FCPA: Defense Wins

January 23, 2012

For the third time since December 1, 2011, an FCPA case brought by the US government against a defendant has been defeated by a Federal Court judge. The most recent dismissal occurred last week when a former manager of the Swiss engineering company ABB Ltd. accused of violating the FCPA on 12 counts (including one count of conspiracy) had his case dropped by a federal judge in Houston. In granting defendant John O’Shea’s motion to dismiss, Judge Lynn Hughes became the third federal judge in the last six weeks to throw out an FCPA case. Reports indicate that the government’s key witness who himself was awaiting sentencing on conspiracy charges was unable to convince the judge that O’Shea was tied to the alleged crime of channeling bribes through an intermediary to officials at Mexican state-owned utility Comision Federal de Electricidad (CFE) with the expectation to win contracts on behalf of ABB’s Houston subsidiary.

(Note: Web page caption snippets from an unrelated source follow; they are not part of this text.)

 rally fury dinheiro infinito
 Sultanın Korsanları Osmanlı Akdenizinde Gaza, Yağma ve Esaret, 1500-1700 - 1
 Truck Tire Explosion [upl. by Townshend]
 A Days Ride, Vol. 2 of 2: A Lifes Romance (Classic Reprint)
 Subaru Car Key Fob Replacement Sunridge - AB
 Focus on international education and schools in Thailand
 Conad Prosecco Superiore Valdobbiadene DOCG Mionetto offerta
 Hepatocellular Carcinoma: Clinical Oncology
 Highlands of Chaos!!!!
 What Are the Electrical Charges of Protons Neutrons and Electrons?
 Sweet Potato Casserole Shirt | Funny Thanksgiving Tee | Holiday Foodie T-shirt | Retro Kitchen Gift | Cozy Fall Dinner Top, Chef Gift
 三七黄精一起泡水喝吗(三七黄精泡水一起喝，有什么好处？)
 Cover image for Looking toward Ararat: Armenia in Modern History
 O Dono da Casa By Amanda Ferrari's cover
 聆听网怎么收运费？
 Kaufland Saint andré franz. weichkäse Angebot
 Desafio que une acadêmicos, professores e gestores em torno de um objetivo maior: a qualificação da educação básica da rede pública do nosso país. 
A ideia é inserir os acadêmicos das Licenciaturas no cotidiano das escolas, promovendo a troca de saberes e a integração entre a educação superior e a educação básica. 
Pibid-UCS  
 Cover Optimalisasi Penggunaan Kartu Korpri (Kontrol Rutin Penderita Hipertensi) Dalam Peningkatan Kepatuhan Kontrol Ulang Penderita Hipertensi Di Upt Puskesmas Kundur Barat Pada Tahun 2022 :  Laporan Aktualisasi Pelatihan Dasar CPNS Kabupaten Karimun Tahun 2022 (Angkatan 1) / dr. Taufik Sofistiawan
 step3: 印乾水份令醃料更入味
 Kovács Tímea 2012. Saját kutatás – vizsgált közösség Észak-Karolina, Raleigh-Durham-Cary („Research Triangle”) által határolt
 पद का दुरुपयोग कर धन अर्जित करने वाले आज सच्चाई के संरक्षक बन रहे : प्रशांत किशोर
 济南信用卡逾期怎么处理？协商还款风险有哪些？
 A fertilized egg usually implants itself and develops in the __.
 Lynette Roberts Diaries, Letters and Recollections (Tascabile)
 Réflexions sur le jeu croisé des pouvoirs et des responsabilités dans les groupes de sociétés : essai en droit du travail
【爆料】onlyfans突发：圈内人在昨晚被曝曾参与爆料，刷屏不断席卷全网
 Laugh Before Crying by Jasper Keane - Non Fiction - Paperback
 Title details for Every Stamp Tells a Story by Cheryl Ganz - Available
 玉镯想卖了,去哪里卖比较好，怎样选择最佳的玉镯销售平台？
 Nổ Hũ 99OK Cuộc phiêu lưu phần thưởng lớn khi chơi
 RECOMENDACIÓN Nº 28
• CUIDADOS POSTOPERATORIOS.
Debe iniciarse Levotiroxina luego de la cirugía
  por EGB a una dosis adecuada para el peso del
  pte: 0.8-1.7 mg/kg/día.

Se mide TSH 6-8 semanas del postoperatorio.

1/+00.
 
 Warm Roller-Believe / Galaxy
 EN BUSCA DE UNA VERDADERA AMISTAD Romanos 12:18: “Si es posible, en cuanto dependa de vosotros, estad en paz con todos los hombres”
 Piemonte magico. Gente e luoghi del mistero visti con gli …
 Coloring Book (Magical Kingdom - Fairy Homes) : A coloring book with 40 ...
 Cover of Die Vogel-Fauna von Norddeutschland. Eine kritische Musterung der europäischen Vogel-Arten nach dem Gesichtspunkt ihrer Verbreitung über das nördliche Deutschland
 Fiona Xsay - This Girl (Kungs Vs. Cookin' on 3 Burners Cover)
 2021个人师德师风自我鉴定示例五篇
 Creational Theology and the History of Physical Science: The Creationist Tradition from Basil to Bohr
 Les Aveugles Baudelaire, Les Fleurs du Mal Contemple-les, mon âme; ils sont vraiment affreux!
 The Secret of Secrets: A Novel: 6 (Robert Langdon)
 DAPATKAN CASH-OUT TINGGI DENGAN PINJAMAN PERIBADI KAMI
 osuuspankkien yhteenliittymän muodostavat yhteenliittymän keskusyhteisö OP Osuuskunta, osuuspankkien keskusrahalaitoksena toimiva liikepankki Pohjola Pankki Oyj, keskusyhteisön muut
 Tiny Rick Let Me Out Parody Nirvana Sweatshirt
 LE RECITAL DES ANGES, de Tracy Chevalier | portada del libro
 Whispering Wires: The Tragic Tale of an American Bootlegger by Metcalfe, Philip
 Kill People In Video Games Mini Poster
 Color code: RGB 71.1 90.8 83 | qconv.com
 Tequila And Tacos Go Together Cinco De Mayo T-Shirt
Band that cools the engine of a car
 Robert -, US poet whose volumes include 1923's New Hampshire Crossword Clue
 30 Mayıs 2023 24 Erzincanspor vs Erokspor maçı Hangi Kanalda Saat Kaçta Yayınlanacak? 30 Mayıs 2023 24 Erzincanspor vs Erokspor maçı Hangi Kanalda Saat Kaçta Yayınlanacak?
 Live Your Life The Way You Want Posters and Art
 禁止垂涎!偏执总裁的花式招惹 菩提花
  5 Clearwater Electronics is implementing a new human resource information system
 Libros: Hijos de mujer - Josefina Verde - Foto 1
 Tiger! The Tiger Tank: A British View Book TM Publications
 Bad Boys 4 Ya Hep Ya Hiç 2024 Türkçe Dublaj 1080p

Last month, Lindsey Manufacturing Co., the first corporation to go to trial on charges it violated the FCPA, won dismissal of its conviction after a judge in US District Court Central District of California found the prosecution had engaged in “flagrant” misconduct. The Judge noted the government’s “sloppy, incomplete and notably over-zealous investigation.” A second matter was dismissed in Washington DC against Stephen G. Giordanella of conspiracy to violate the FCPA, finding that the Government’s evidence was insufficient to sustain a conviction in an alleged bribery of an African defense minister to win contracts to provide military supplies. The chief witness in that case was an individual who had been himself convicted for foreign bribery, tax evasion, drug trafficking, and embezzlement.

While it would be premature to declare these recent dismissals as a growing critique by federal judges against the DOJ’s FCPA enforcement, it begs the question whether their ramped up investigations as of late are being conducted with the expected level of professionalism and diligence. These cases indicate that the more one challenges the government, flaws will be exposed. Usually companies settle well before trial without admitting any wrongdoing. However, according to a recent report in Forbes, the government’s record of prosecuting FCPA cases in US courts has been dismal.

While O’Shea could still face a second trial on separate charges of international money laundering and one count of falsifying records, the success of his fight against the FCPA charge demonstrates that federal prosecutors can’t assume all foreign bribery actions will be open and shut cases. Getting the right facts, using trusted sources, and understanding the full scope of an alleged violation will be key for both prosecution and defense.